Western blot analysis
Western blot was performed as previously described in detail (Pan et al, 1995). In summary, immunoprecipitates (from 1µg/µl protein lysate) of Gαi, Gαo, Gαq, Gα11, Gαs and Gβ protein from PAG of morphine, CTOP, M119, saline and vehicle pretreated mice were solubilized in SDS buffer and separated on polyacrylamide gels (1.5mm). Proteins were transferred to nitrocellulose (1.5 h at 190 mA) and the membranes were blocked in PBS containing 3% BSA for 1h before addition of anti-μOR or anti-Gβ antibody at 1:500 dilution. The blots were stripped and reprobed with antibodies against various G proteins using the antisera against Gαi, Gαo, Gαq, Gα11, Gαs and Gβ protein as probes at 1:1,000 dilution. The blotting was visualized using a chemiluminescence detection system (Super Signal West Fento, Pierce Biotechnology Inc., Rockford, IL, USA) and quantified with the Versa Doc 1000 Imaging System (Bio-Rad Laboratories, Hercules, CA, USA). Three independent experiments were done at the same protein concentration for each experimental condition. Specific bands were quantitated by densitometric scanning.

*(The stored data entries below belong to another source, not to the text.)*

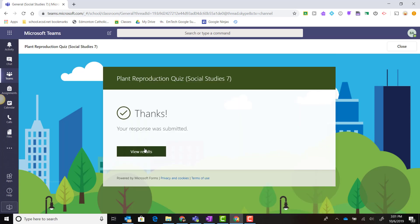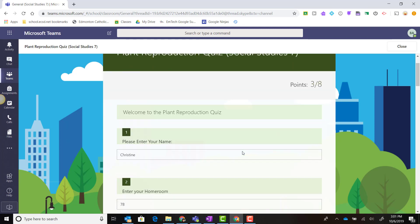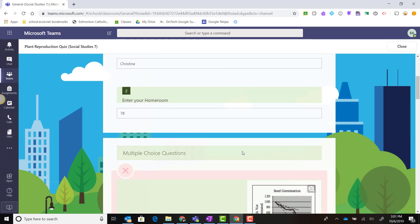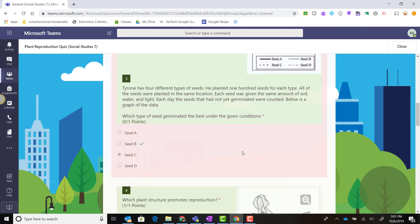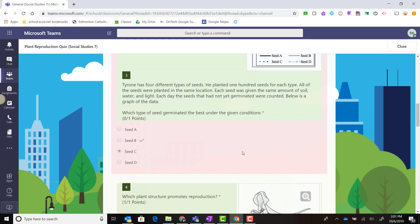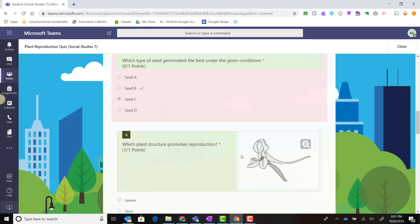I can click 'View Results' to view my results for multiple choice questions and any questions that can be auto-graded by Microsoft Forms.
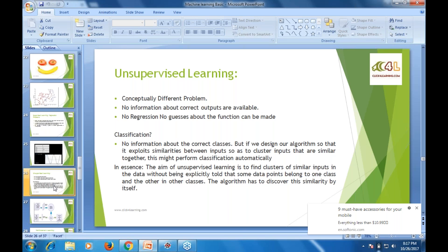Yesterday we could not cover unsupervised learning. Unsupervised is a conceptually different problem — no information about correct outputs is available, no regression, no prior knowledge. If you are doing analysis for the first time and you don't know what to do or what approach to follow, that is the type of unsupervised learning. You don't have any idea what result will come, what techniques to apply, or whether the result you generate is correct or not — that is the big issue. If the model gives proper output for another input, you are right; otherwise it is a total waste of time.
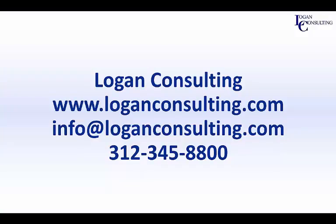For all of your Microsoft Dynamics consulting needs, please visit our website at LoganConsulting.com. Email us at info at LoganConsulting.com or call us at 312-345-8800.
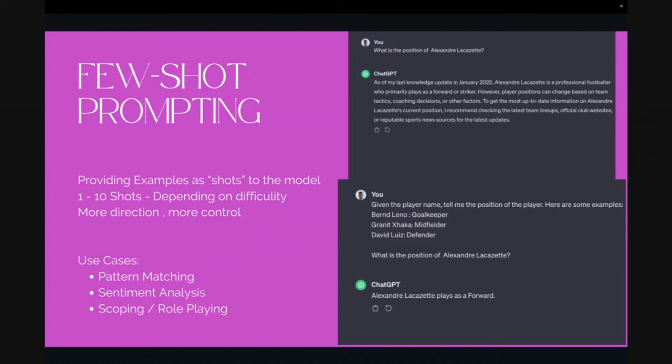Few-shot is great for pattern matching — like XYZ equals this, so if XYZ equals this, then ABC should equal that — and getting the model to predict based on those patterns. Sentiment analysis is another good use case for few-shot. If you have examples that are unique or nuanced — not just 'this was a bad meal' — few-shot prompting allows that. Scoping and role-playing is also great — give the model a role like senior software engineer, then provide examples of how they'd answer, and then give it a new question.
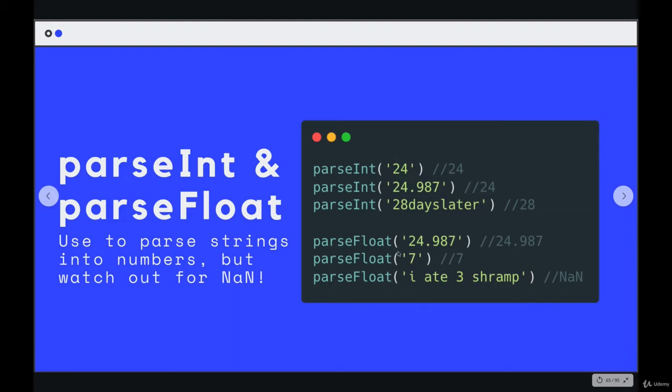parseFloat does the same thing, except it's going to parse the entire float, the entire decimal number of the string, in the string.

Immune complex PLC activity measurement
PLC enzyme activity in anti-Gβ immunoprecipitates was measured as described in Allan (Allan et al, 1997). Immune complexes for Gβ (30µL) were assayed for 15 min at 37°C in the presence of 35 mM sodium phosphate, pH 6.8, 70 mM KCl, 0.8 mM EGTA, 0.8 mM CaCl2, 0.20mM [3H]phosphatidylinositol 4,5-bisphosphate (8Ci/nmol, Perkin-Helmer Massachusetts, USA), and 2.86 mM (0.18%, v/v) Triton X-100 in a final volume of 50 µL. Enzyme activity was quantitated as the release of [3H] Ins(1,4,5)P3 measured by liquid scintillation spectroscopy. Isozyme-specific activity was calculated by subtracting background [3H] Ins(1,4,5)P3 (release present in no antibody control samples) from the activity measured in immune complexes. Data were calculated as nanomoles Ins(1,4,5)P3 product formed per minute per milligram protein present in the fraction from which the enzyme was immunoprecipitated. All conditions were run in triplicate.
Statistical analysis
All experimental results are given as mean ±S.E.M. Analysis of variance followed by Fisher protected least significant difference (PLSD) procedure for post-hoc comparisons was used to verify significance between two means for data obtained from co-immunoprecipitation of μOR-G protein or Gβγ-PLCβ complexes after hyperalgesic/analgesic dose and chronic morphine administration. Unpaired repeated measures ANOVA followed by Scheffè test paired post hoc was applied to hot plate and rota-rod test results. Data were analysed with the Statview Software for the Macintosh (1992).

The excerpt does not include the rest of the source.